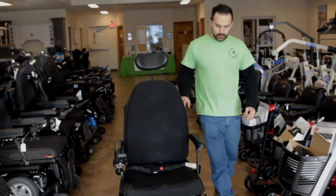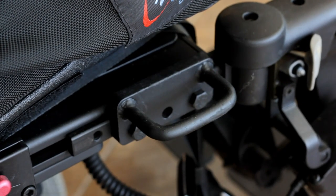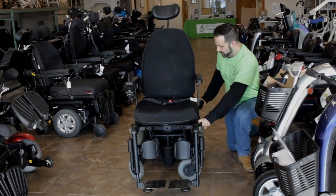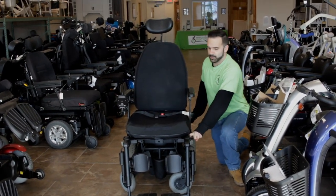Next up to highlight would be these transit loops, which are located on all four corners of the seating assembly. These will be utilized so that they can safely transport you.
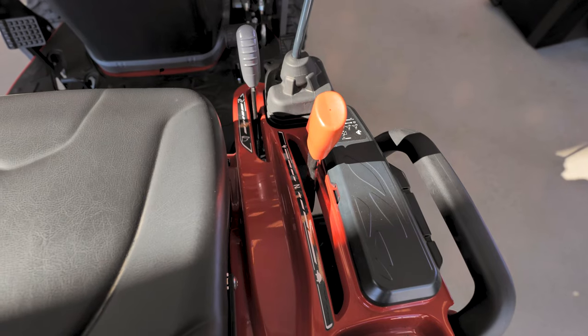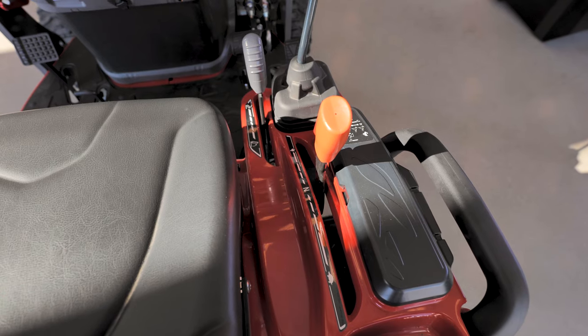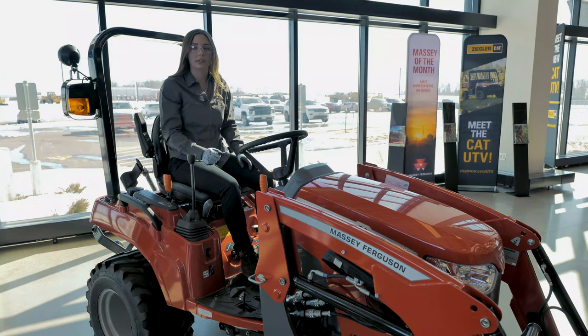The second thing to check would be to make sure that the tractor is in neutral, or the tractor will not turn over. You hear a click sound, which is the safety switch not allowing the tractor to turn over.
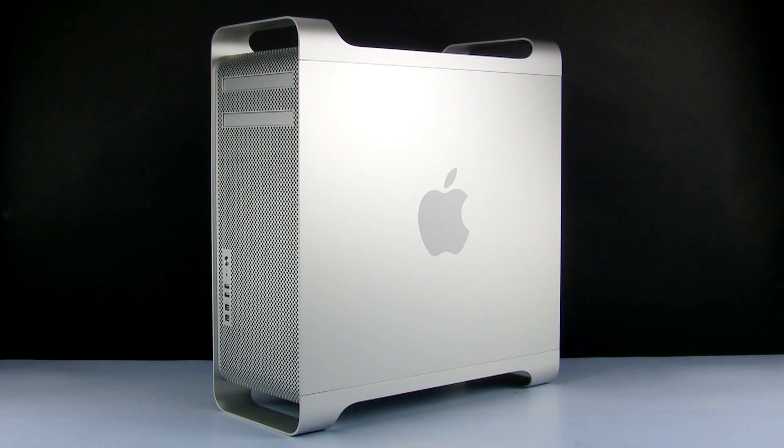Hello and welcome to the OWC instructional series of videos. In this installment, we'll be upgrading the memory in a mid-2010 Mac Pro. While the Mac Pro used in many of these shots is a 12-core model, the steps for this procedure are mostly the same for other models as well. In instances where they differ, instructions for all models will be shown.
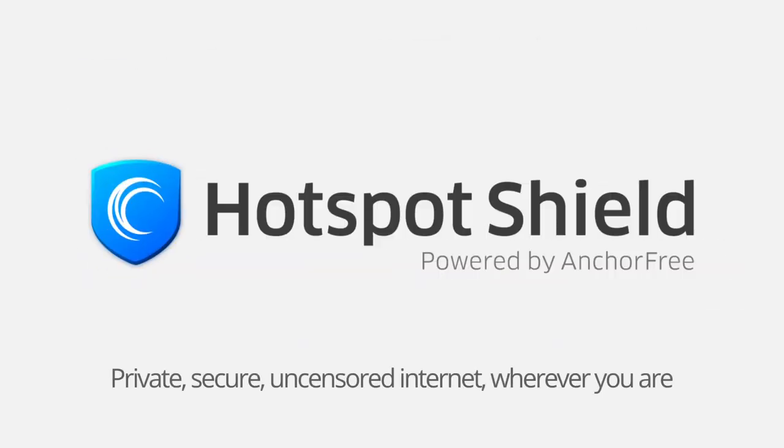Hotspot Shield service makes your internet browsing safer, more secure, and fully private. Click now to learn more.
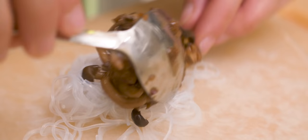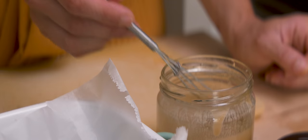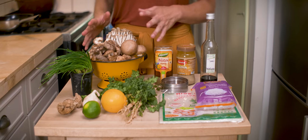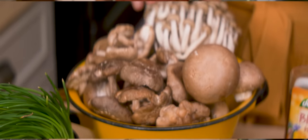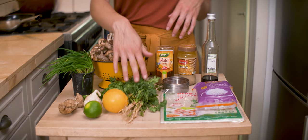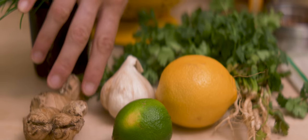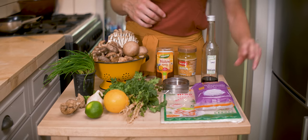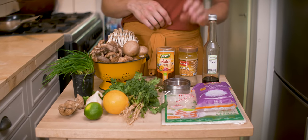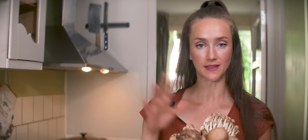I'm going to show you how I will make them today. I will make them with tamari glazed mushrooms, some cilantro, and a tahini dipping sauce. I have a pound of mixed mushrooms — shiitake, chestnut mushrooms, and some beech mushrooms — chives, coriander or cilantro, lemon and lime, garlic and ginger. I also have dried rice paper sheets, glass noodles, tamari, tahini, honey, and dried chili flakes.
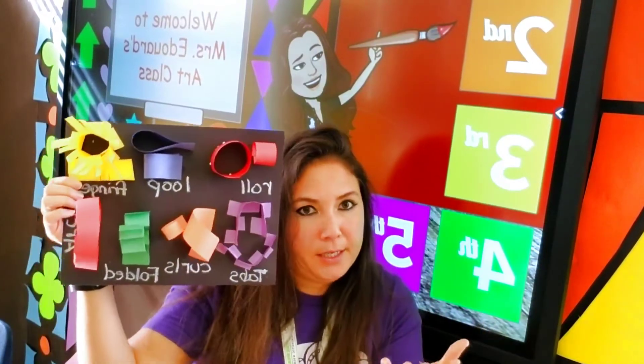Hey guys, welcome back to my classroom. Today we are going to do some paper folding techniques in preparation to make a paper sculpture. So we have to practice doing some folding techniques.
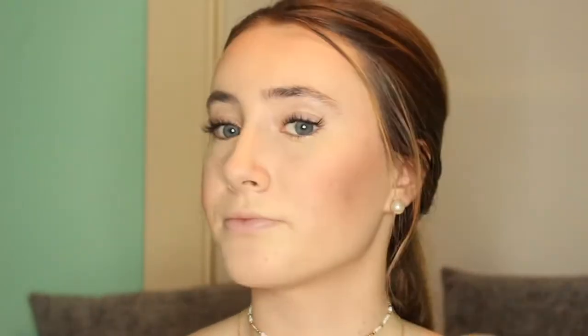Now I'm taking the blush from the Tartlet palette and I really love this blush. It's such a nice pink color and it really helps to add a lot of color to your face. I'm just putting this on the apples of my cheeks and blending this up.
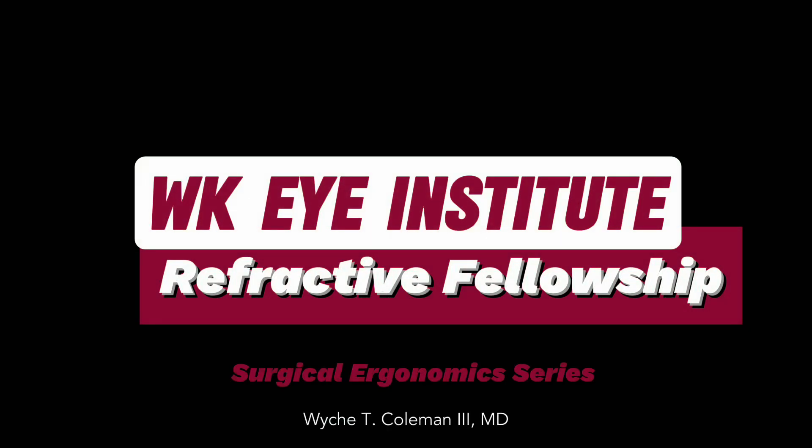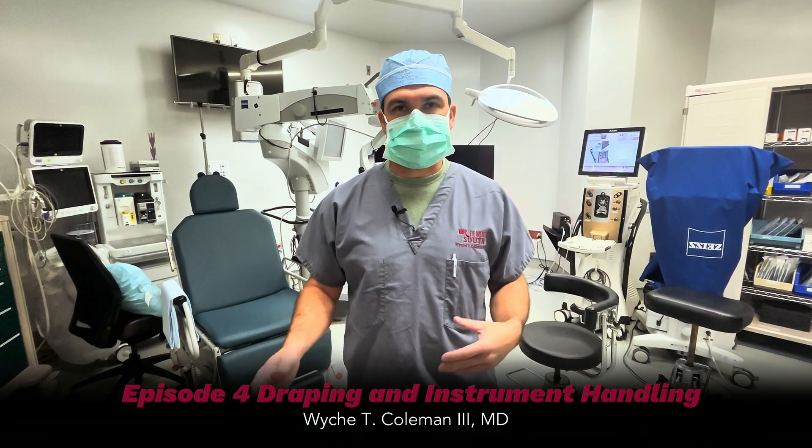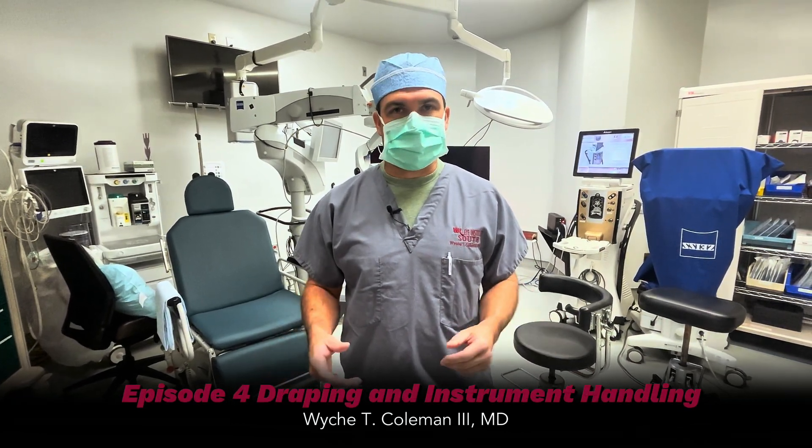Hey everybody, I'm Dr. Weitz-Coleman. We're going to go over a few things that I think are under-emphasized points. I think it'll help you be more successful with your cataract surgery technique if you get a good setup to begin with.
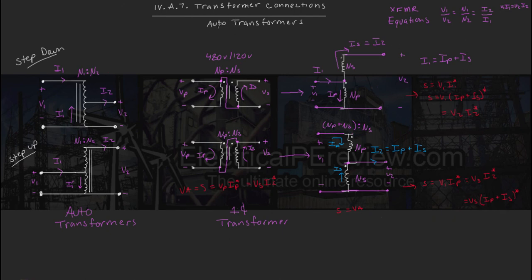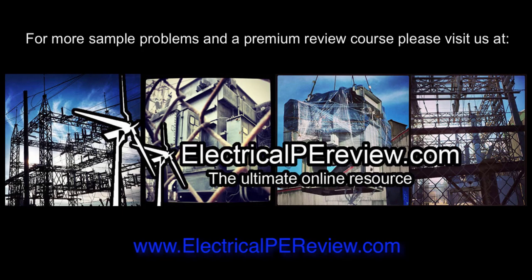Those are all the basics of going from a single phase transformer and reconfiguring it for step-up or step-down auto transformers. Next up, we're going to roll into a couple of examples — this can be a little confusing, but once you run the numbers, everything should fall into place. For more examples and to visit our premium review course, come see us at electricalpereview.com.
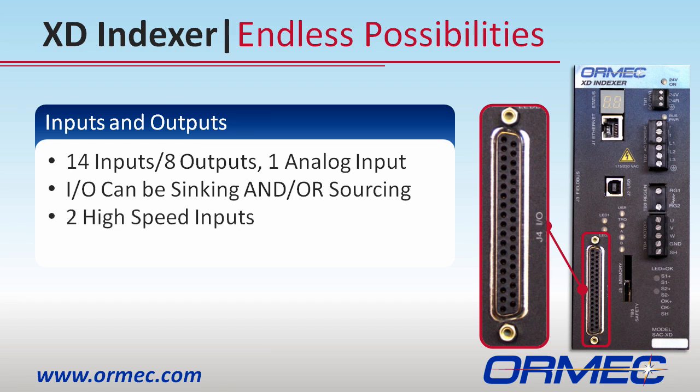There are two high-speed inputs for position latching and motion triggering, and two high-power outputs for motor fail-safe brakes and 24-volt solenoids.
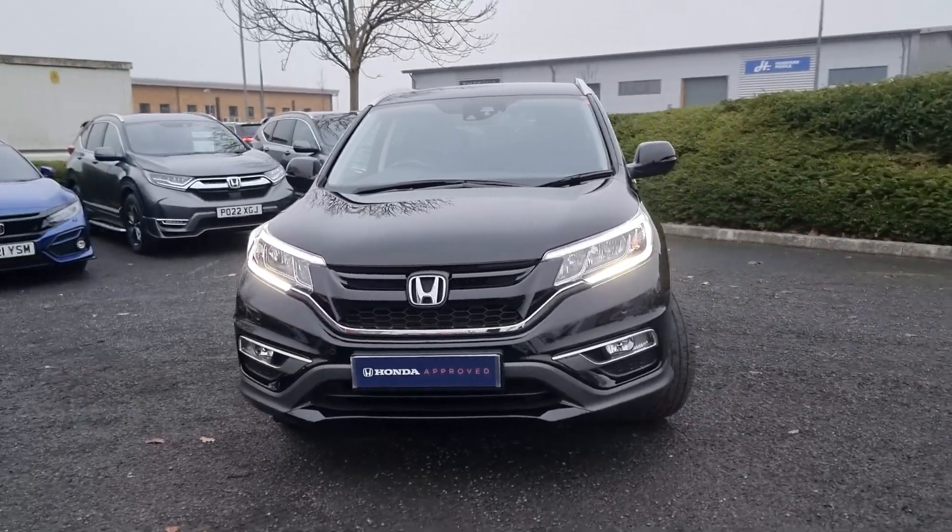Jumping back outside now, just showing you the last remaining alloy. If you do require any further information on this Black Edition, don't hesitate to get in touch with our dealership and one of our sales team can provide you a personalized video. We thank you for your time and we hope to hear from you soon here at Blackpool Honda.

What the task asks ▸ An exact copy of the lines above from the one with "I'm going to" up to and including the one with "Hey guys, welcome" is required; reproduce only those lines, omitting all pictures.

Exercise answer ▸
I'm going to show you how I will make them today. I will make them with tamari glazed mushrooms, some cilantro, and a tahini dipping sauce. I have a pound of mixed mushrooms — shiitake, chestnut mushrooms, and some beech mushrooms — chives, coriander or cilantro, lemon and lime, garlic and ginger. I also have dried rice paper sheets, glass noodles, tamari, tahini, honey, and dried chili flakes.
Hey guys, welcome back to my classroom. Today we are going to do some paper folding techniques in preparation to make a paper sculpture. So we have to practice doing some folding techniques.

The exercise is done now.